Task item :: From the line holding "Rain these turquoise" through the line holding "2018/18 REG AUDI" below, write out every line exactly; include both of those lines and drop the pictures.

Input data ::
————

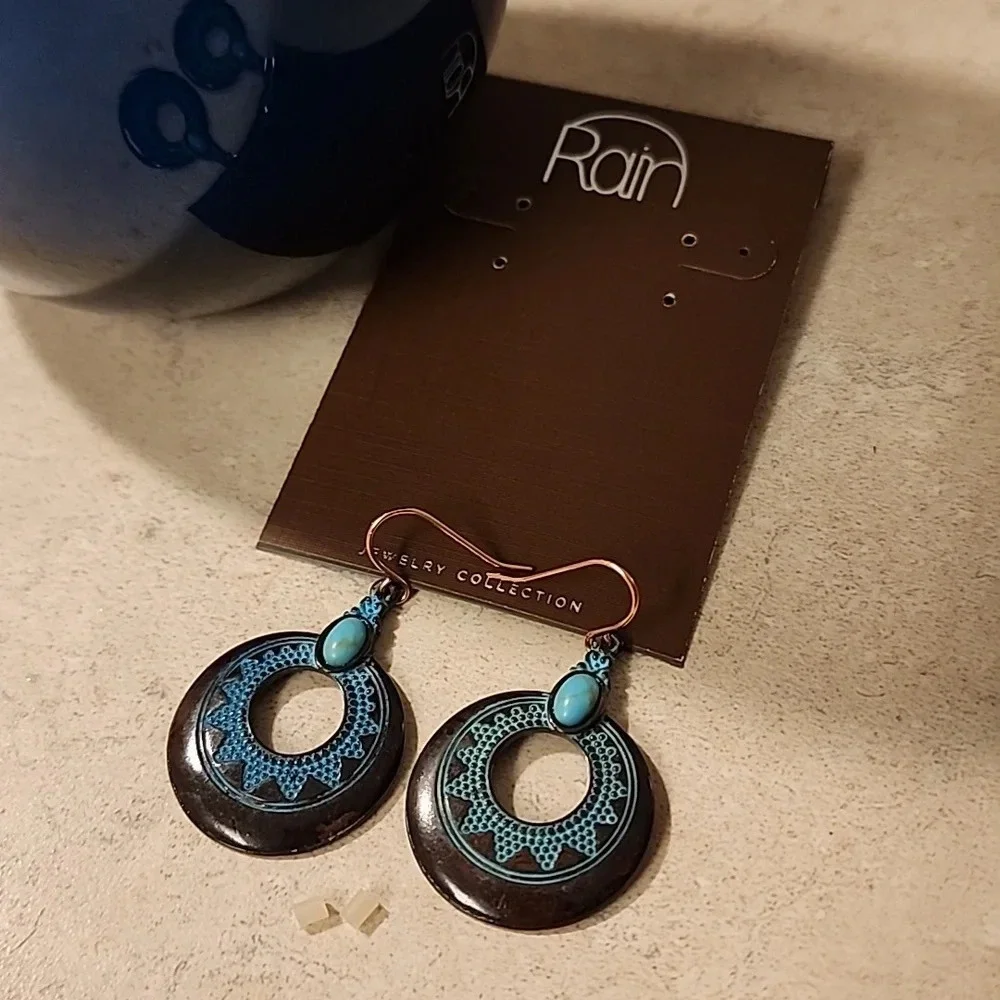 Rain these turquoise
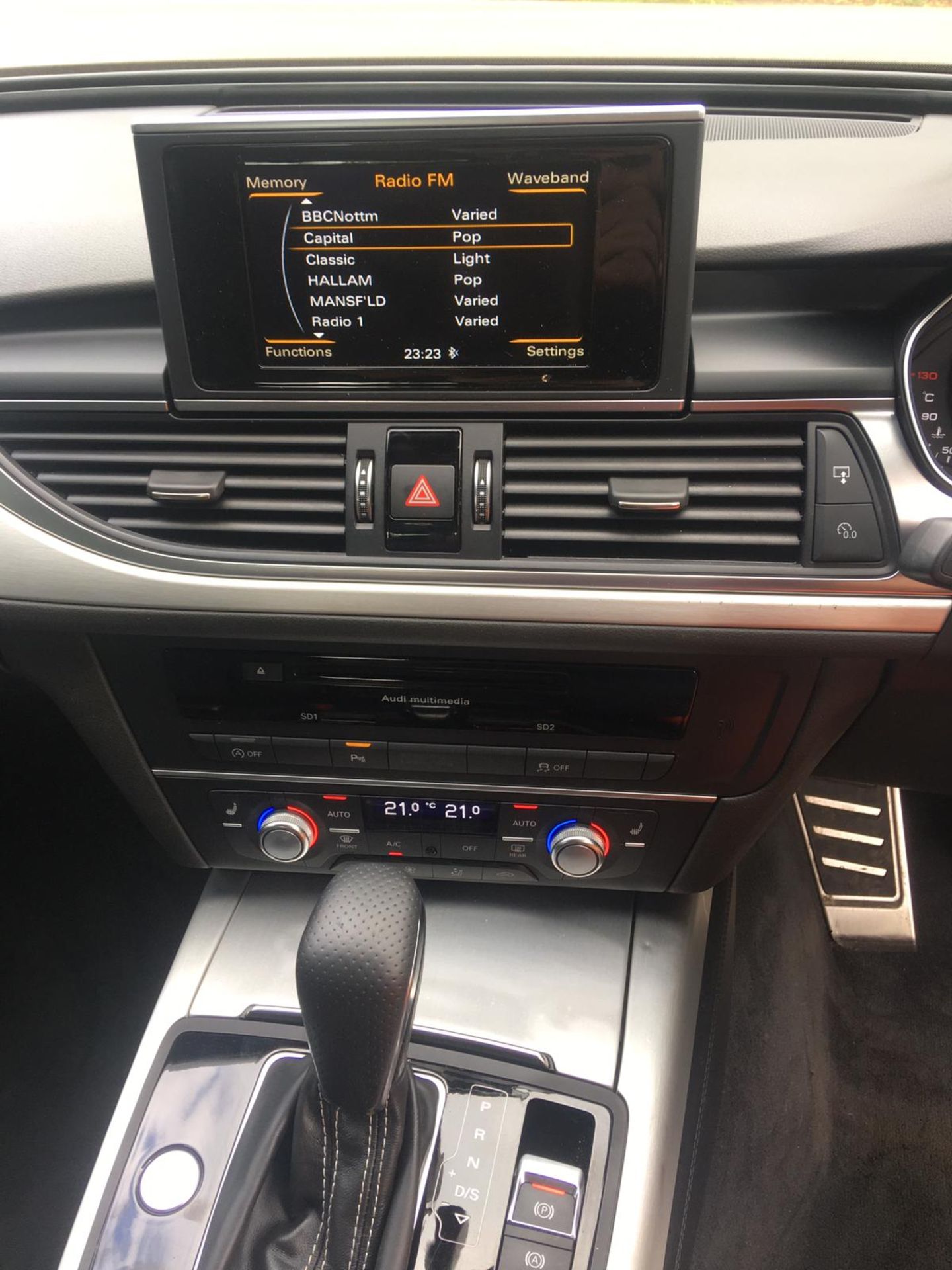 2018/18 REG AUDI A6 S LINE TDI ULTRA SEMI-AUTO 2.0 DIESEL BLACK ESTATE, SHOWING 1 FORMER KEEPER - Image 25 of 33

————

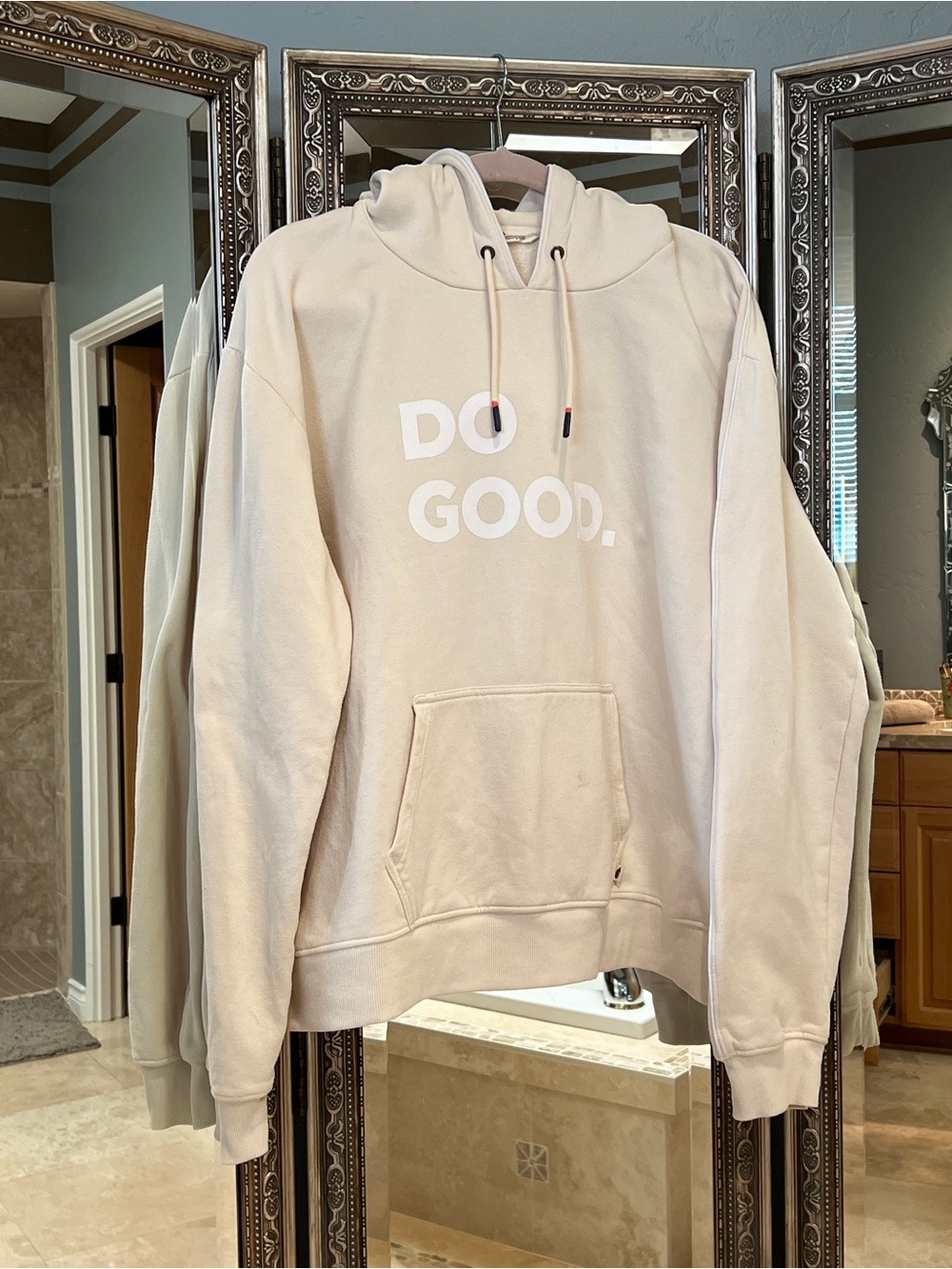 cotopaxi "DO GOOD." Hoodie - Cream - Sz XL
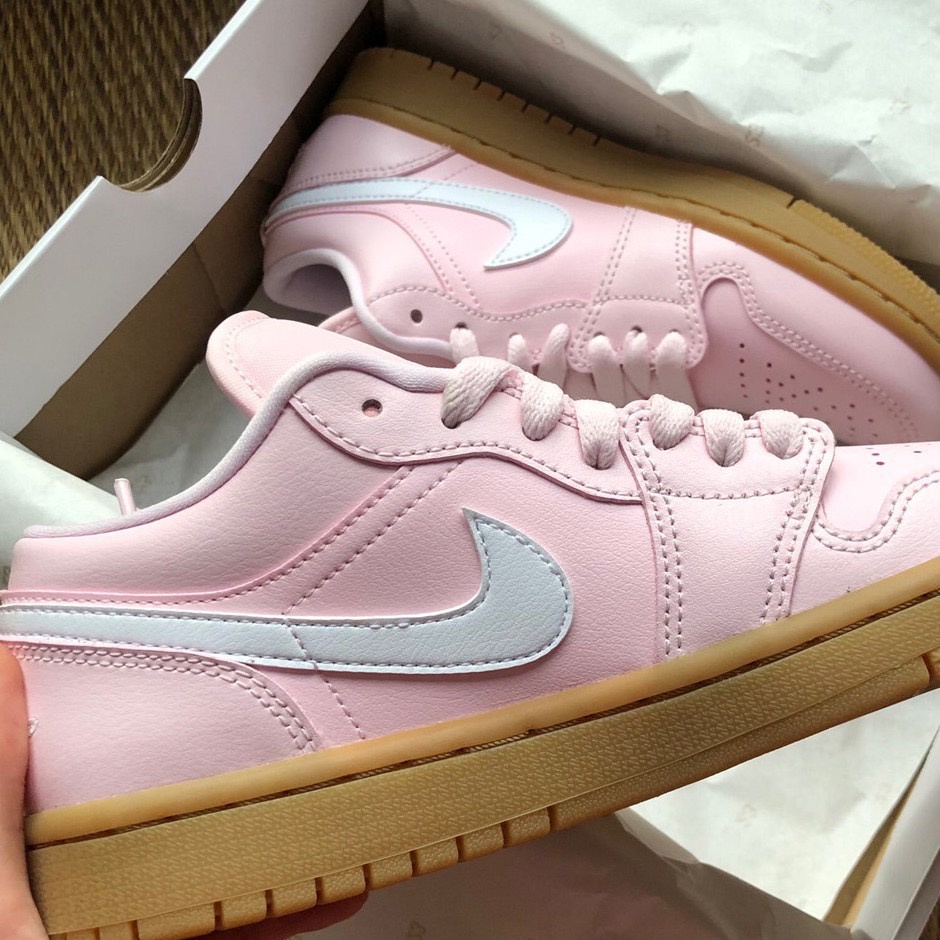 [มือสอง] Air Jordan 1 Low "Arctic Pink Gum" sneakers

————

Written answer ::
 Rain these turquoise
 2018/18 REG AUDI A6 S LINE TDI ULTRA SEMI-AUTO 2.0 DIESEL BLACK ESTATE, SHOWING 1 FORMER KEEPER - Image 25 of 33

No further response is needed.